Task to carry out> Leave out the pictures and restate the rest of the data exactly.

[Data excerpt]

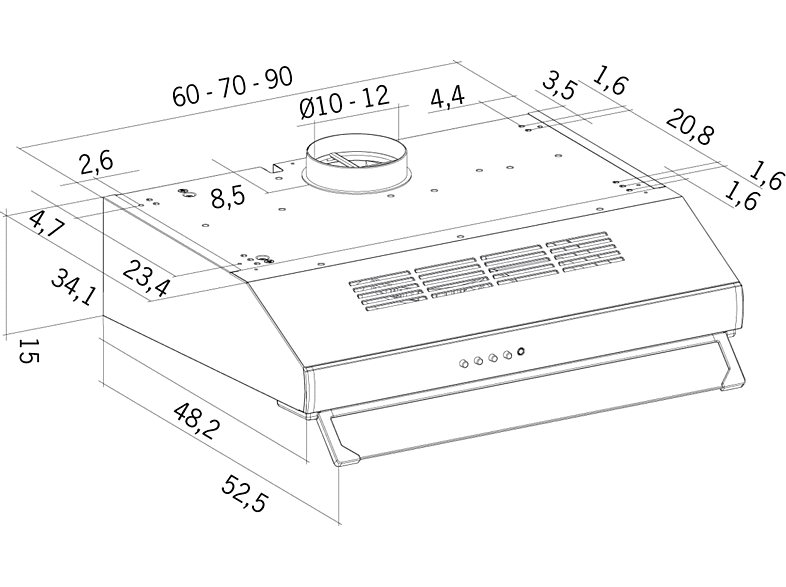 Campana convencional - Mepamsa 110.0150.995 Modena 60, 3 Velocidades, 400 m³/h, 60 cm, Inox
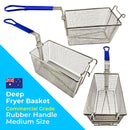 Deep Fryer Basket - Rectangle - Blue Rubber Handle. Size: Medium. Commercial kitchen grade. Australia wide shipping from chain.com.au.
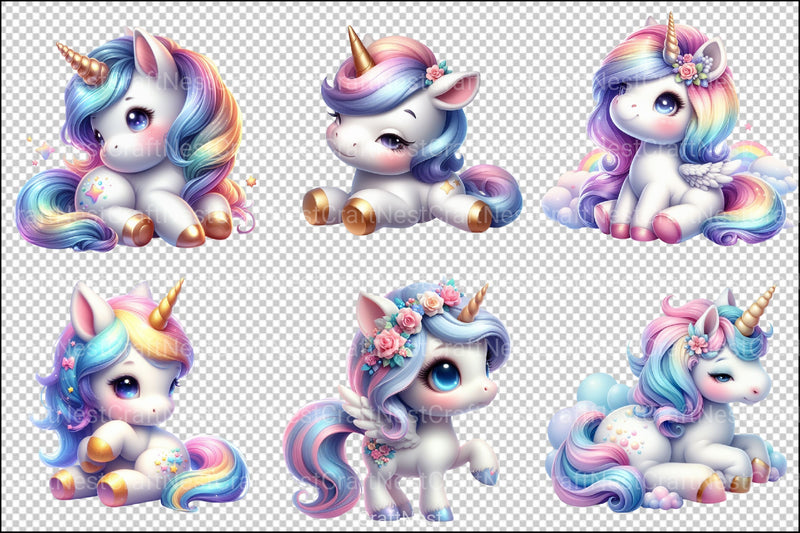 Cute Baby Magic Unicorn Clipart Bundle - CraftNest - Digital Crafting and Art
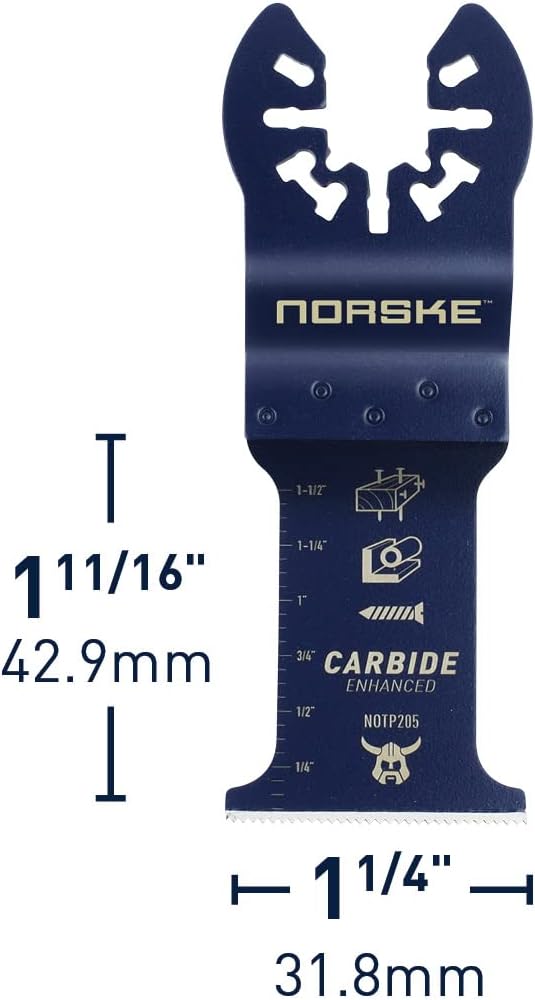 Norske Tools NOTP283 1-1/4" Carbide Blade (3/Pack), Oscillating Tool Accessories | Oscillating Saw Blades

[/Data excerpt]

Solution to this task>
 Campana convencional - Mepamsa 110.0150.995 Modena 60, 3 Velocidades, 400 m³/h, 60 cm, Inox
 Deep Fryer Basket - Rectangle - Blue Rubber Handle. Size: Medium. Commercial kitchen grade. Australia wide shipping from chain.com.au.
 Cute Baby Magic Unicorn Clipart Bundle - CraftNest - Digital Crafting and Art
 Norske Tools NOTP283 1-1/4" Carbide Blade (3/Pack), Oscillating Tool Accessories | Oscillating Saw Blades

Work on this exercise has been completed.